WalMart is handing out bonuses for “Associate Celebration Day.” Ok, cool.

But could someone explain why this sounded good in their collective corporate heads?

Store associates and assistant managers with 20 or more years of service will get an extra week of pay under the new Servant Leadership bonus plan.

Emphasis mine. Please tell me there is some detail that I’m missing. Something that would reassure me that yes, WalMart executives can just do one nice thing for their wage slaves without being backhanded about it.

At least they get better every time they try to reward the proles. Maybe by this time next year they’ll come up with a reward system and completely forget to add the part that causes us to all pause and reflect on what clueless wankers they are.

**Edited to add: In the comments, Auguste points out the detail that I missed. It was not as reassuring as I had hoped for. In fact, if the orgins of the name are the same as those he quotes, then I retract any part of this post that makes it sound like maybe I thought WalMart was finally doing something right. What fuckers.


4 Responses to “If you think the name is odd, wait ’till you see the t-shirts they had printed up.”  

  1. 1 firefalluk

    Servant Leadership? Oh, priceless! talk about a freudian slip

  2. 2 Moustache Frank

    The banishment of the terms “employee” and “customer” from our nation’s commercial discourse is something that’s bugged me for a while. Employees are now “team members” or “associates,” while customers are of course “guests.” I recall an Olive Garden ad that said something to the effect of, “When you’re here, you’re family.” I thought: I don’t recall my grandmother ever presenting me with a bill at the end of a meal.

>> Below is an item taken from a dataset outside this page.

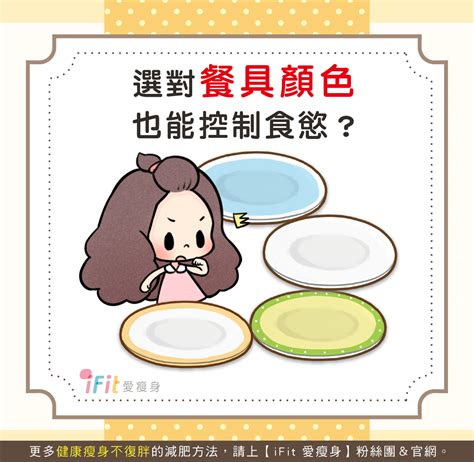 讓人有食慾的顏色|不同顏色 影響食慾 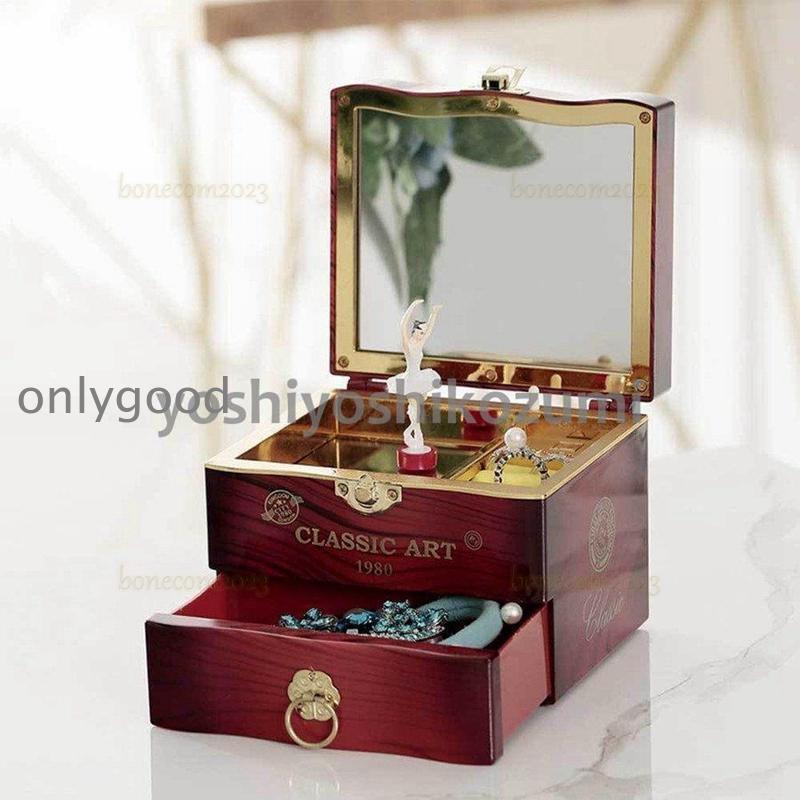 オルゴール 音楽ボックス ハート型オルゴール バレリーナ 回転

    The motive, it seems pretty clear, is to obscure the commercial nature of the relationship. You’re not here because you have to pay the rent. No! You’re a member of the team! You’re here because you want to be here! That way we can pay you even less.

    Which, to finally get to the point, is why the servant leadership concept is so perfect. First they try to pass off the wage slaves as all just members of one big happy family by calling them associates, and then immediately they let the mask slip.

  3. 3 Auguste

    It gets better.

    The concept of servant leadership in the west can be traced back, at least partly, to Jesus’ teachings on leadership. He sought to teach his disciples that in order to be first they must “wash each other’s feet” (Jn. 13:14). Jesus preached that people must seek to serve each other in order to be true leaders. And again, Jesus said that “many who are first will be last, and many who are last will be first” (Matt. 19:30). meaning that true leadership, according to Jesus, was leadership based in servanthood…

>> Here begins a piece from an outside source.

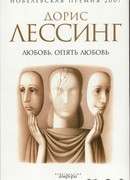 Любовь, опять любовь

    Critics might dismiss Servant leadership as yet another management fad to line consultants’ pockets, but its proponents counter that the ideals underlying it are timeless (witness its description in chapter 17 of the Tao Te Ching, ca. 6th century BCE), and the concept of Servant Leadership has been in development for over 40 years with involvement from AT&T and Harvard Business School.

    In fact, growing up in Sunday School, we learned some of the concepts behind servant leadership, too, but in my liberal congregation it most assuredly wasn’t being used to justify wage slavery.

  4. 4 Edie

    I’m no fan of Walmart at all. However, I am familiar with the concept of “Servant Leadership” from a rather interesting source: Alcoholics Anonymous.

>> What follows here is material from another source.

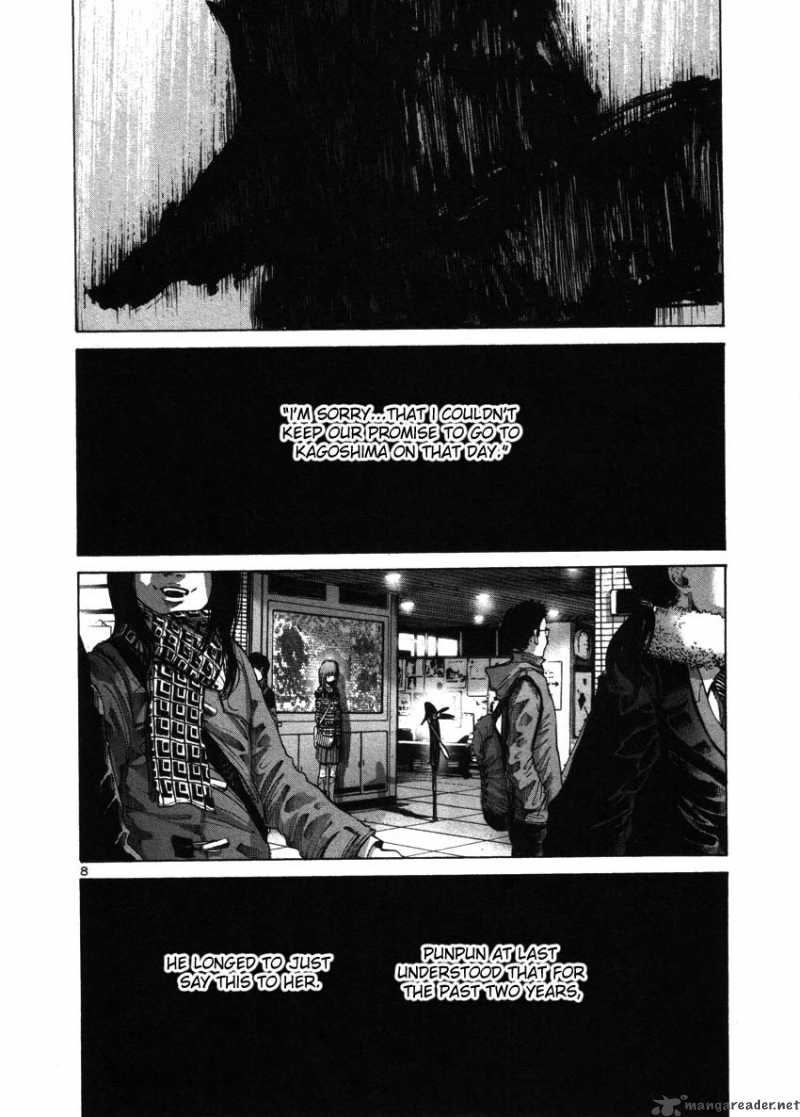 Read Goodnight Punpun Manga Online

    My mother was a member of the local chapter, and while I am not familiar with the structure of that group, I do remember them reading something outloud about the leaders being servants to the members of the group.

    It’s a concept that’s been lost in politics: Public Servants.

    Now it’s all sound and fuzzy warm soporifics, signifying nothing. We have no public servants in office any more.

    And WalMart, bless its evil, money-grubbing, community destroying, osified and cancerous heart, is trying to use this concept? It stinks of slave wages and big-box consumerism.